Action item: Repeat each entry word for word. Leave any images out of the copy.

Dataset content:
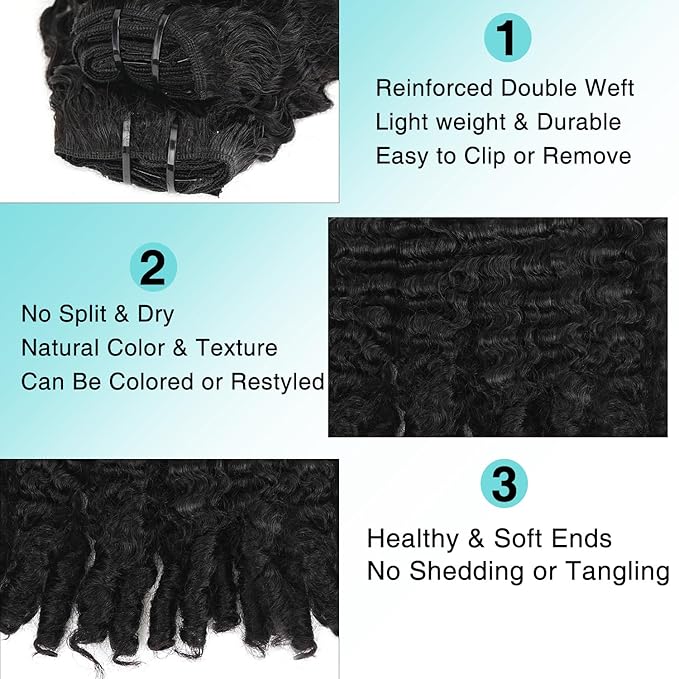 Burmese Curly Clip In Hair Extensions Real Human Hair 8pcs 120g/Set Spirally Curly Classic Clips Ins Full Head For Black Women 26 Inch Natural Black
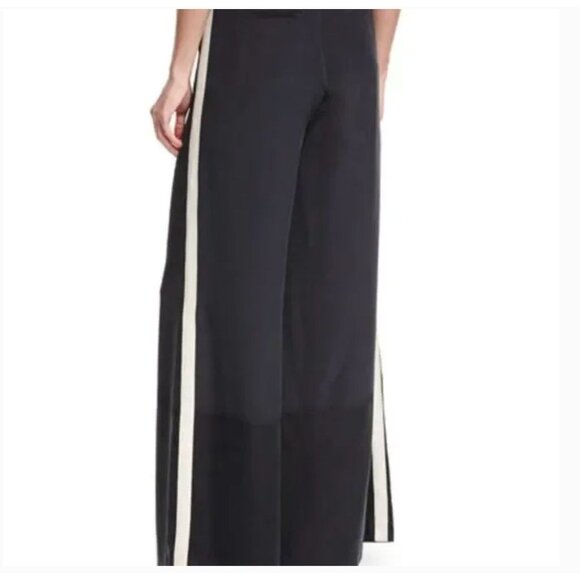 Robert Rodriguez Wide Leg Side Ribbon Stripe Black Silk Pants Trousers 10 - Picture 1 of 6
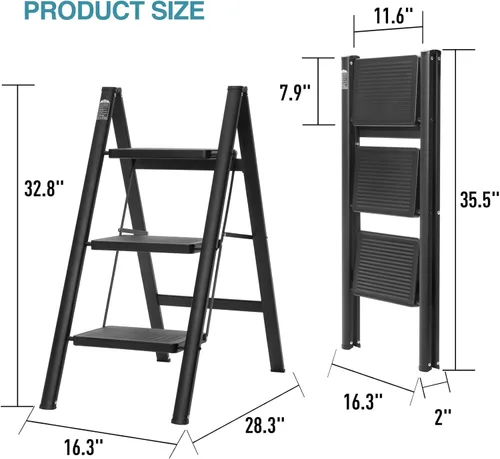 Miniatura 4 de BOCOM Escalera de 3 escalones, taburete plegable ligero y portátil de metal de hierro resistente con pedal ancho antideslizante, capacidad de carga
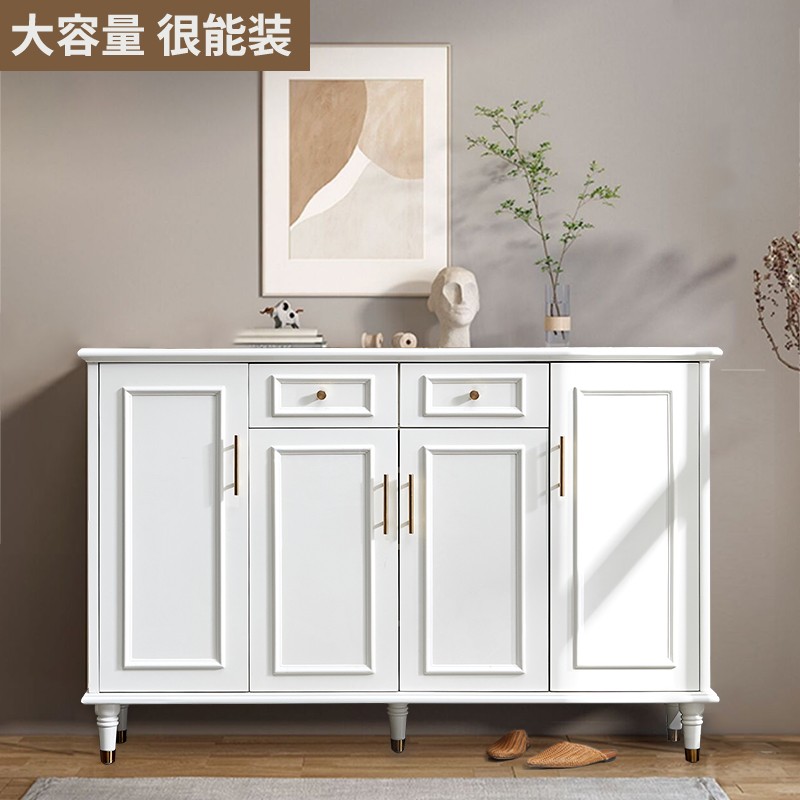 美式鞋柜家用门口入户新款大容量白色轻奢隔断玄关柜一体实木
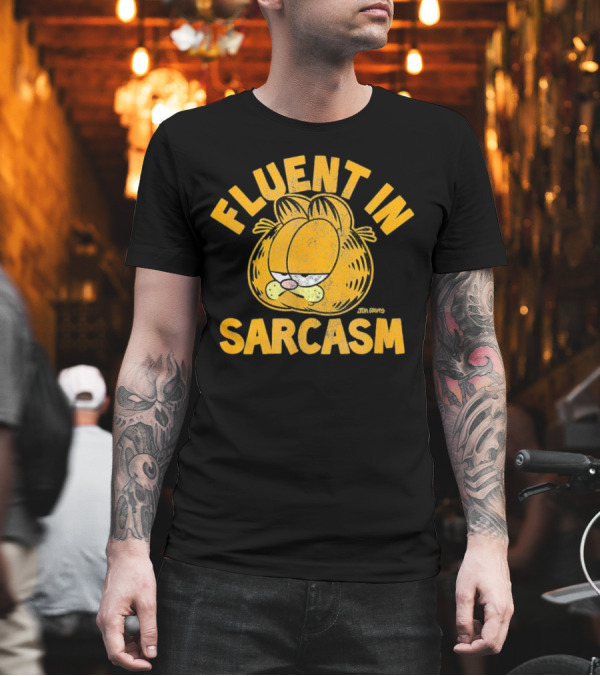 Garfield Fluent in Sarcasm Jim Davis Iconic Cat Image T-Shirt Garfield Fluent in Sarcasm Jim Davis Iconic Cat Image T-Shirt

Task answer:
 Burmese Curly Clip In Hair Extensions Real Human Hair 8pcs 120g/Set Spirally Curly Classic Clips Ins Full Head For Black Women 26 Inch Natural Black
 Robert Rodriguez Wide Leg Side Ribbon Stripe Black Silk Pants Trousers 10 - Picture 1 of 6
 Miniatura 4 de BOCOM Escalera de 3 escalones, taburete plegable ligero y portátil de metal de hierro resistente con pedal ancho antideslizante, capacidad de carga
 美式鞋柜家用门口入户新款大容量白色轻奢隔断玄关柜一体实木
 Garfield Fluent in Sarcasm Jim Davis Iconic Cat Image T-Shirt Garfield Fluent in Sarcasm Jim Davis Iconic Cat Image T-Shirt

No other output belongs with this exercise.